Dans l’album « Jorn », il y a aussi matière à réfléchir. Comme avec cet air traditionnel, un tube pyrénéen « Sendèrs de tèrra nera » (Sentiers de terre noire) que l’on doit à Jean-Claude Coudouy. Le mémorable interprète du « Hilh de puta! » a fait une magnifique mélodie mais le texte d’un autre auteur un peu macho, parle de « race », incompatible donc avec l’esprit et la vision du groupe. Alors, Pascal Caumont prend la décision de le réécrire, et ces sentiers sont désormais propice à l’admiration de la voûte céleste, prétexte à s’interroger sur le devenir de la planète.

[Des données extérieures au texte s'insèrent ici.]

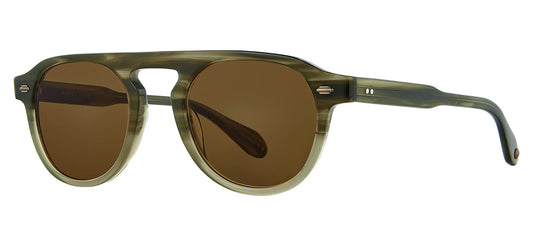 Garrett Leight Harding Sunglasses - Army Drift / Semi-Flat Pure Coffee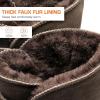 imageDREAM PAIRS Womens Winter Snow Boots FuzzyChic Bow Genuine Suede Leather Faux Fur Lining Memory Foam Warm Winter Short Booties for Outdoor IndoorTaupe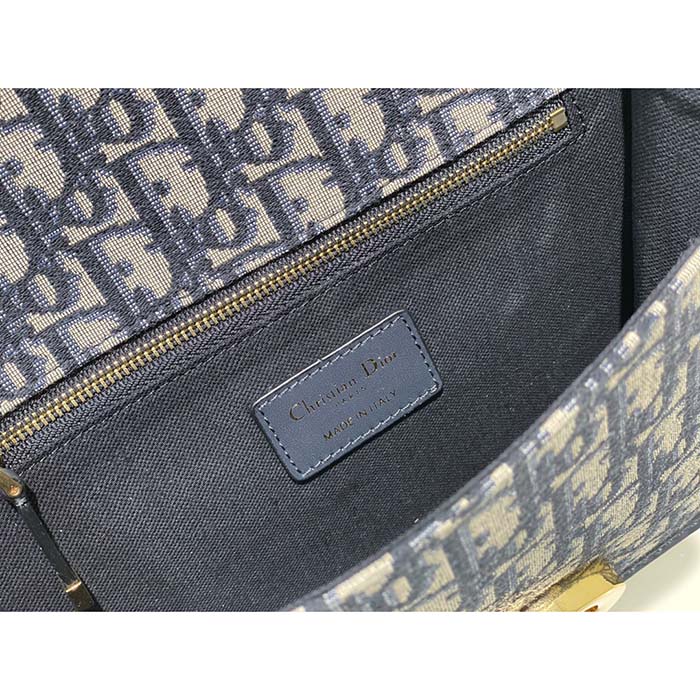 Dior Women CD 30 Montaigne Bag Blue Dior Oblique Jacquard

Vox Bigerri – Sendèrs de tèrra nera

L’Histoire est très présente avec « Lo purmèr de març » (Le premier mars), le moment où les jeunes garçons partaient travailler en Espagne pour gagner un peu d’argent du XVe jusqu’au XVIIIe. Histoire encore avec « La cançon de Grangèr » (La chanson de Granger) sur la fugue d’un jeune voulant échapper au service militaire (7 ans à l’époque!) qui réussit à désarmer et mettre en fuite les gendarmes.

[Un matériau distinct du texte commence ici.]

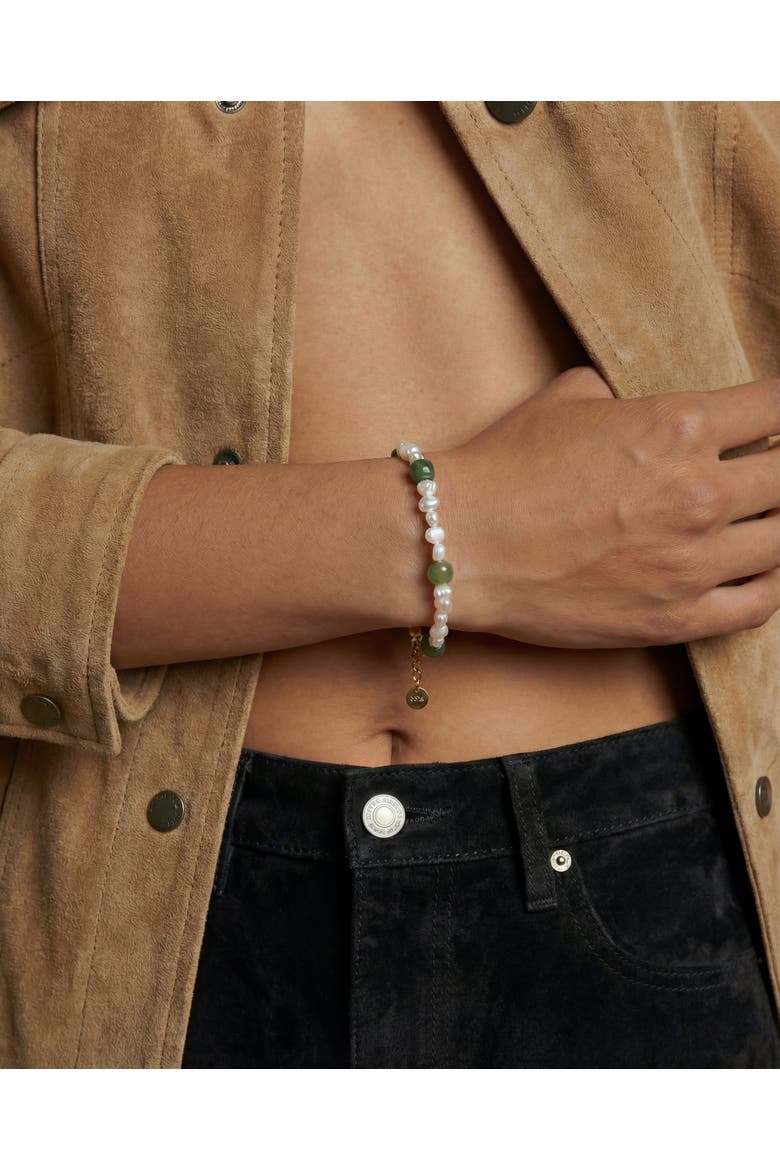 Isabelle Pearl and green jade bracelet, Alternate, color, Light green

Et puis il y a « Montségur », lieu du massacre qui mit fin à l’hérésie cathare en 1244. Ils avaient déjà mis en musique le célèbre poème de René Nelli écrit 700 ans après sur une blessure plus vive que jamais. Sur ce disque, c’est une nouvelle version de « Montségur », sur un poème de la Catalane Susanna Rafart. « Nous avons rencontré Susanna Rafart à Barcelone. C’est un écrivain très connu en Catalogne et en Espagne aussi. Elle nous a montré ce poème qui a résonné comme une suite au Montségur de Nelli. Je l’ai mis en musique. Le premier Montségur s’achève sur un cri. Ici le chemin est plus apaisé. Dans le ciel, on regarde les aigles voler au dessus du château ». L’aigle, qui peut voler très haut, et dont les larmes ne peuvent pas geler car elles sont faites d’huile…

Un disque aérien, au son ample, qui nous laisse en lévitation, apaisés et transportés par les voix.

Vox Bigerri – Jorn

Le travail de Vox Bigerri est remarquable, tant sur un plan artistique que technique et historique. Le groupe ne se répète pas d’un disque à l’autre mais va explorer toujours de nouveaux espaces. Ils préparent déjà une nouvelle création « Milharis » qui mélangera musique électronique, jazz avec des flutes traditionnelles, le tout accompagné par l’orchestre de chambre de Toulouse. Rien n’arrête ces explorateurs de sons.